These are the visual aids I used to deliver a talk on IPv6 OS fingerprinting on October 16, 2015 at AISec 2015.

Remote Operating System Classification over IPv6

(Authors are in alphabetical order.)
David Fifield UC Berkeley
Alexandru Geana TU Eindhoven / Fox-IT, Delft
Luis MartinGarcia ETSIT, Polytechnic University of Madrid
Mathias Morbitzer Fox-IT, Delft
J. D. Tygar UC Berkeley

This talk is about the IPv6-based OS fingerprinting engine in Nmap, a widely used network security scanner.

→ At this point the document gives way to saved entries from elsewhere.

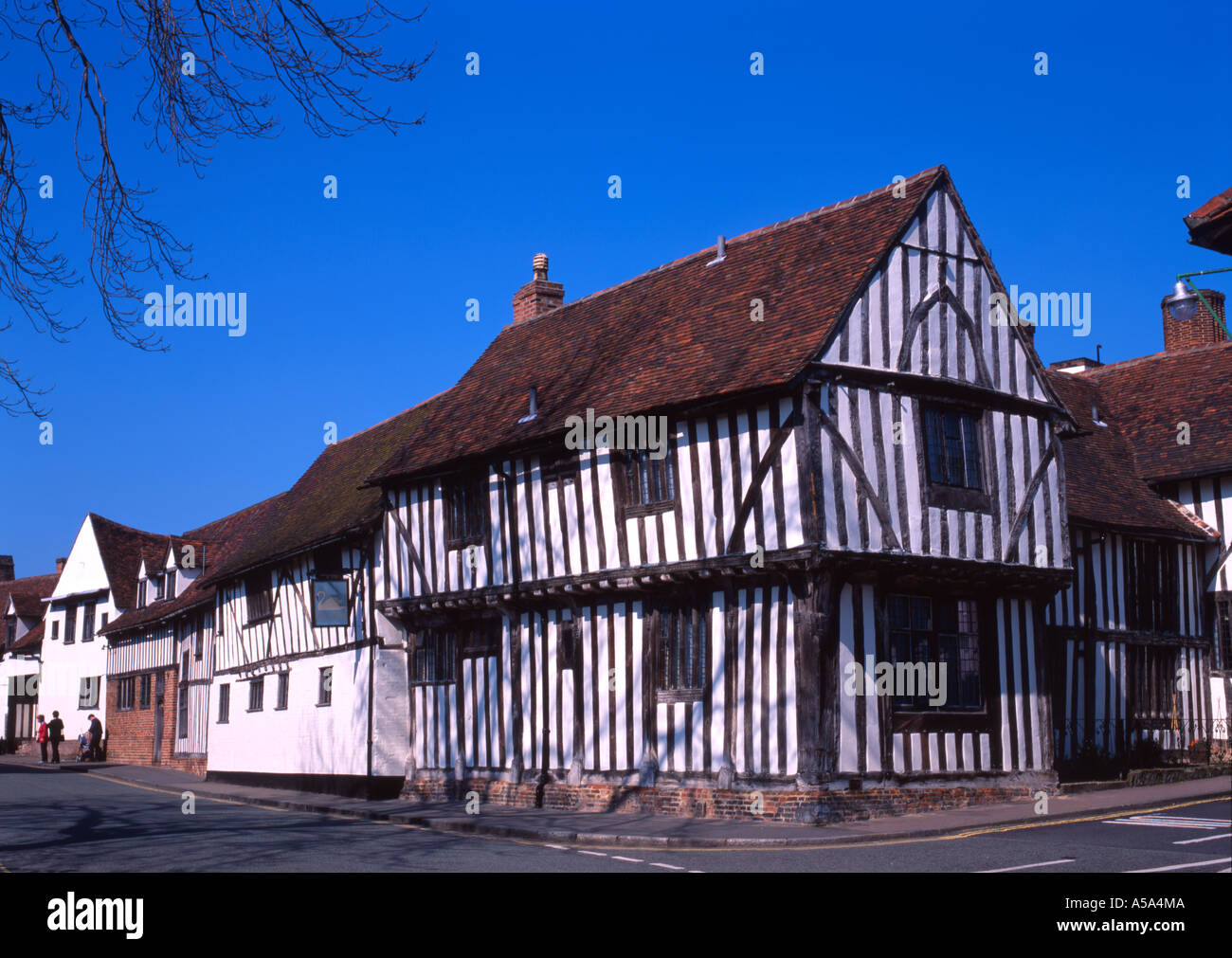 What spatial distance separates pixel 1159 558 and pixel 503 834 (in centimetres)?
1457

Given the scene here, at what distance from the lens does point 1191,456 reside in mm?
25188

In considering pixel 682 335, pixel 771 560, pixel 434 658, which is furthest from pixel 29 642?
pixel 771 560

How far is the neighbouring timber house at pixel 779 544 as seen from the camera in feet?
53.2

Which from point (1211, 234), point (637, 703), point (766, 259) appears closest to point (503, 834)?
point (637, 703)

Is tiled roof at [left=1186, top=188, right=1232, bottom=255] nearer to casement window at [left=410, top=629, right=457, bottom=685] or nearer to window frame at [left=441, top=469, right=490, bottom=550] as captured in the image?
window frame at [left=441, top=469, right=490, bottom=550]

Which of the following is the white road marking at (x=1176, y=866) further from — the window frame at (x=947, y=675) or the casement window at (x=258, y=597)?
the casement window at (x=258, y=597)

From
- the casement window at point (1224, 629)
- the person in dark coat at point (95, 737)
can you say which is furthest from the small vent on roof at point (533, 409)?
the person in dark coat at point (95, 737)

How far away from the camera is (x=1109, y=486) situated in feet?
80.3

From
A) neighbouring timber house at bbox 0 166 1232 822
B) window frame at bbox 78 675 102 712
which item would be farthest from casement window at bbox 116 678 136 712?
neighbouring timber house at bbox 0 166 1232 822

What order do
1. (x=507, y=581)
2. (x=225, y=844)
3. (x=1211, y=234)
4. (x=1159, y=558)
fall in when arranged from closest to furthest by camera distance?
(x=1211, y=234), (x=225, y=844), (x=507, y=581), (x=1159, y=558)

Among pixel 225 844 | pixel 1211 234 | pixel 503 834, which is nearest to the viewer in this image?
pixel 1211 234

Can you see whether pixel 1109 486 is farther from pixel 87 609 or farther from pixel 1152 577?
pixel 87 609

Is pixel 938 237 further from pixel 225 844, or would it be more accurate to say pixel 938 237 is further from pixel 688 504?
pixel 225 844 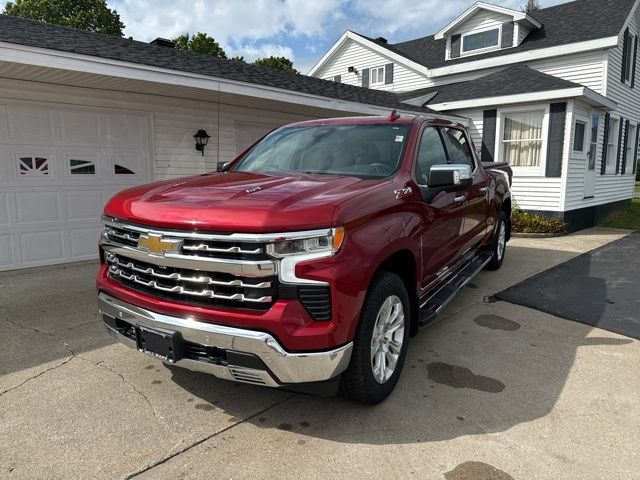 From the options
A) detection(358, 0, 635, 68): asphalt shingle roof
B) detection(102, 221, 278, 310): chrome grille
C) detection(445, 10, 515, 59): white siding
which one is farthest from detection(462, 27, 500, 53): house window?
detection(102, 221, 278, 310): chrome grille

# nmap -6 -O ipv6.google.com
Starting Nmap 6.49SVN ( https://nmap.org ) at 2015-09-28 11:36 MDT
Nmap scan report for ipv6.google.com (2607:f8b0:4009:804::1002)
Host is up (0.022s latency).
rDNS record for 2607:f8b0:4009:804::1002: ord08s10-in-x02.1e100.net
Not shown: 998 filtered ports
PORT    STATE SERVICE
80/tcp  open  http
443/tcp open  https
Device type: general purpose
Running: Linux 3.X
OS CPE: cpe:/o:linux:linux_kernel:3
OS details: Linux 3.12 - 3.18

OS detection performed. Please report any incorrect results at https://nmap.org/submit/ .
Nmap done: 1 IP address (1 host up) scanned in 8.54 seconds

OS fingerprinting is relevant for network inventory, vulnerability scanning, and exploit tailoring.

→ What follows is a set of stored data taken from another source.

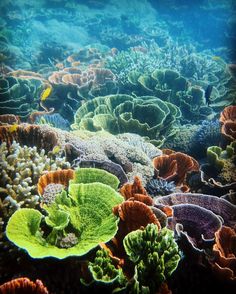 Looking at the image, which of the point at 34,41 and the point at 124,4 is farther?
the point at 124,4

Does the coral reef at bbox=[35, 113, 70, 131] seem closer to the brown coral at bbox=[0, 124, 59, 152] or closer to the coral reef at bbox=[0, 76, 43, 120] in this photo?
the coral reef at bbox=[0, 76, 43, 120]

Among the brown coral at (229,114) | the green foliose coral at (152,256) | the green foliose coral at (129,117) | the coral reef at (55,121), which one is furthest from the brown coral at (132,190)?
the coral reef at (55,121)

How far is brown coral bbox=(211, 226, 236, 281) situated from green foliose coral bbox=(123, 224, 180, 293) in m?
0.43

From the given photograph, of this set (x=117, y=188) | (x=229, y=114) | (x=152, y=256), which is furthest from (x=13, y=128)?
(x=229, y=114)

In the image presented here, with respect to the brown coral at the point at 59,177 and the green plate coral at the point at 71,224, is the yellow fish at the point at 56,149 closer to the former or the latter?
the brown coral at the point at 59,177

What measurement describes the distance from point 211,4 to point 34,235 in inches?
1255

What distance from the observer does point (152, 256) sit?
6.71 ft

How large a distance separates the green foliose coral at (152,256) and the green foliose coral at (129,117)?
358 centimetres

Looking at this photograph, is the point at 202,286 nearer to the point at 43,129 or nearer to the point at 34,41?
the point at 43,129

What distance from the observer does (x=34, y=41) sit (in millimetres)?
18000

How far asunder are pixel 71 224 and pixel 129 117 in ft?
12.7

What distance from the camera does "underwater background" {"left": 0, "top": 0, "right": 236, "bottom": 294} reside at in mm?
2131

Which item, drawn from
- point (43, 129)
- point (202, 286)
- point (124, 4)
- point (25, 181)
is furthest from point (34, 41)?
point (202, 286)

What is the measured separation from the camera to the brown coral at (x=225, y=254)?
2.24 m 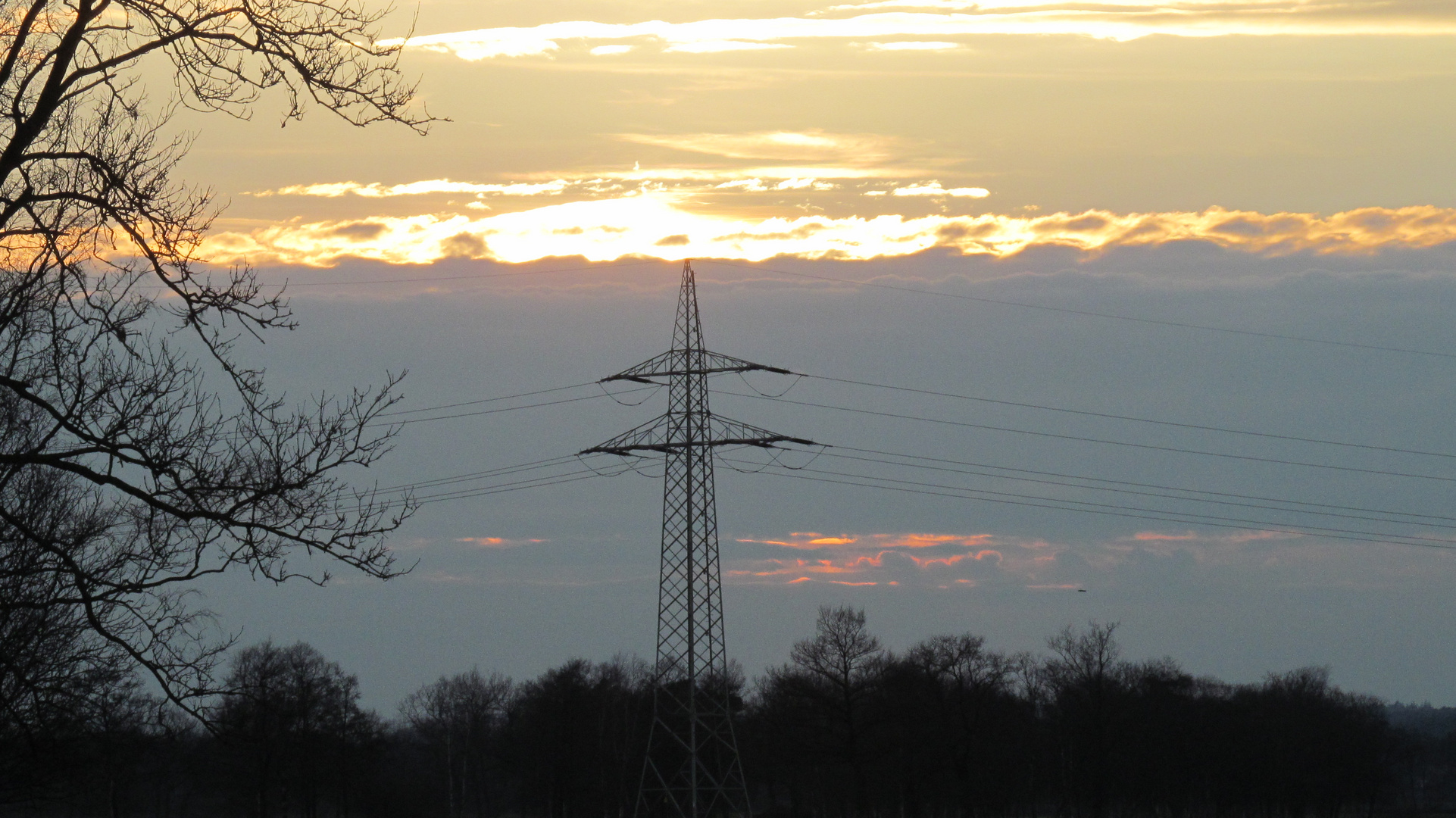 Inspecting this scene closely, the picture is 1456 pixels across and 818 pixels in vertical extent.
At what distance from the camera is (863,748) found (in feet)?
244

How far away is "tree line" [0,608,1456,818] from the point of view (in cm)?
7550

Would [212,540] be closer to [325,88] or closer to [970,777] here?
[325,88]

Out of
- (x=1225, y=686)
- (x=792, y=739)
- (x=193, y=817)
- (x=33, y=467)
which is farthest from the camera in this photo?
(x=1225, y=686)

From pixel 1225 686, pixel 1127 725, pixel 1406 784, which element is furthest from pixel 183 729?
pixel 1406 784

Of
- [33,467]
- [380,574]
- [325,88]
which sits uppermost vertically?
[325,88]

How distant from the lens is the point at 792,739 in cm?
7550

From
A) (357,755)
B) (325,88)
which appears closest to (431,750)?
(357,755)

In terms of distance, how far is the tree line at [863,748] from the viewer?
2972 inches

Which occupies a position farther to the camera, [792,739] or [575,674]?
[575,674]

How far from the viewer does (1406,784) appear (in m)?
160

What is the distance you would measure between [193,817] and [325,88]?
107 metres

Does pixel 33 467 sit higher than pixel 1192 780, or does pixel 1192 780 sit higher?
pixel 33 467

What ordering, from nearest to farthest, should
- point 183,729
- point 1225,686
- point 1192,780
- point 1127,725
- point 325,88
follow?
point 325,88, point 183,729, point 1127,725, point 1192,780, point 1225,686

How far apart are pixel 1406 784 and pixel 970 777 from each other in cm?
10281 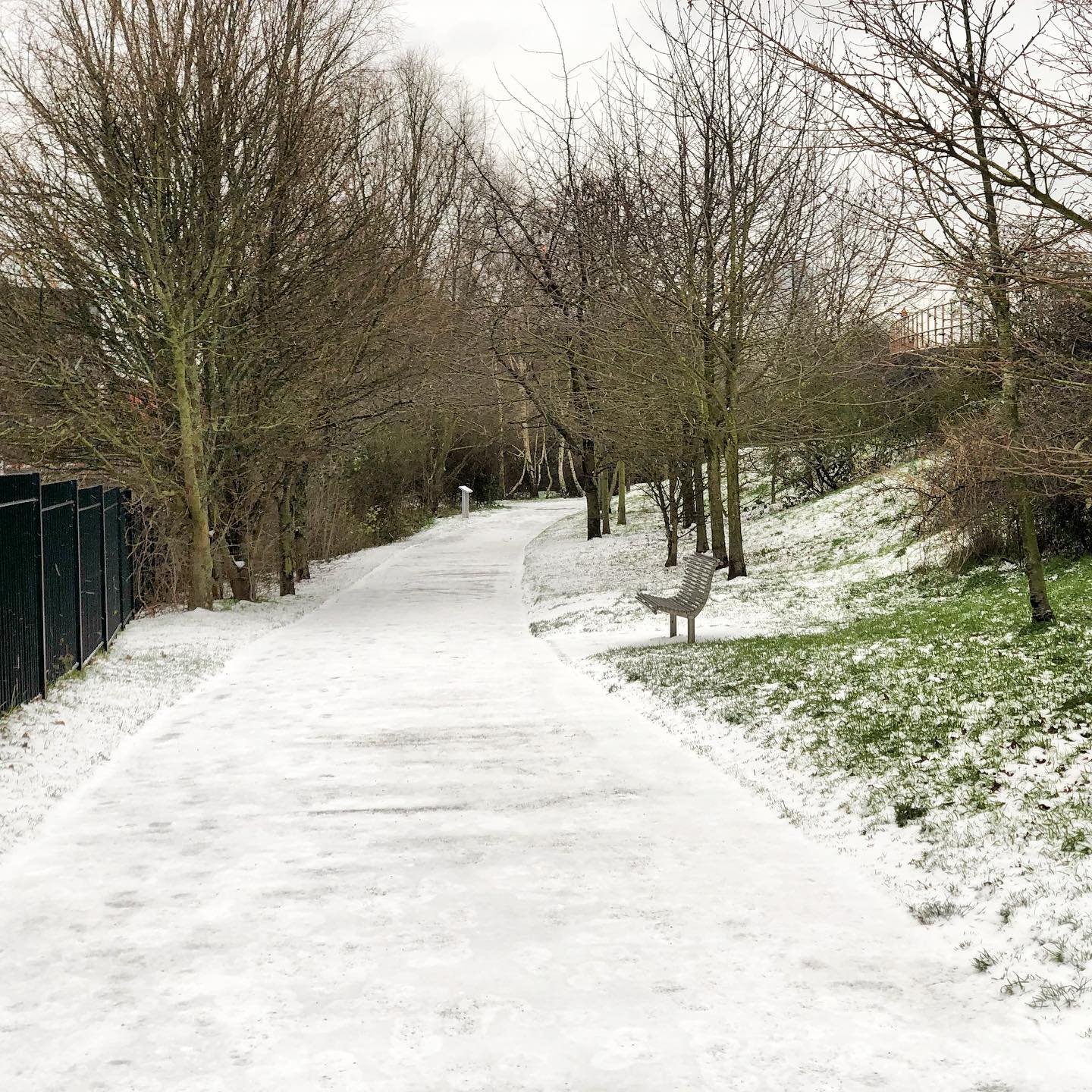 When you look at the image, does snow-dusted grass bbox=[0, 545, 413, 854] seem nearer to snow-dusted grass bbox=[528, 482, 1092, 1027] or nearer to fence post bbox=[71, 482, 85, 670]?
fence post bbox=[71, 482, 85, 670]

History of OS fingerprinting in Nmap

1998–2007: 1st-gen IPv4 fingerprinter (1,684 fingerprints)
2006–present: 2nd-gen IPv4 fingerprinter (4,766 fingerprints)
2011–present: IPv6 fingerprinter (~300 training samples in ~100 classes)

Design goals, based on extensive experience with IPv4:

Low cost to maintain the training database.
Resilience in the face of network interference.

The OS fingerprinting process

Do a port scan to find open/closed ports.
Send up to 18 crafted OS probes (13 TCP, 4 ICMPv6, 1 UDP).
Convert response packets into feature vectors.
Run linear classifiers, one per OS class.
Output the best match if its “novelty” is sufficiently low.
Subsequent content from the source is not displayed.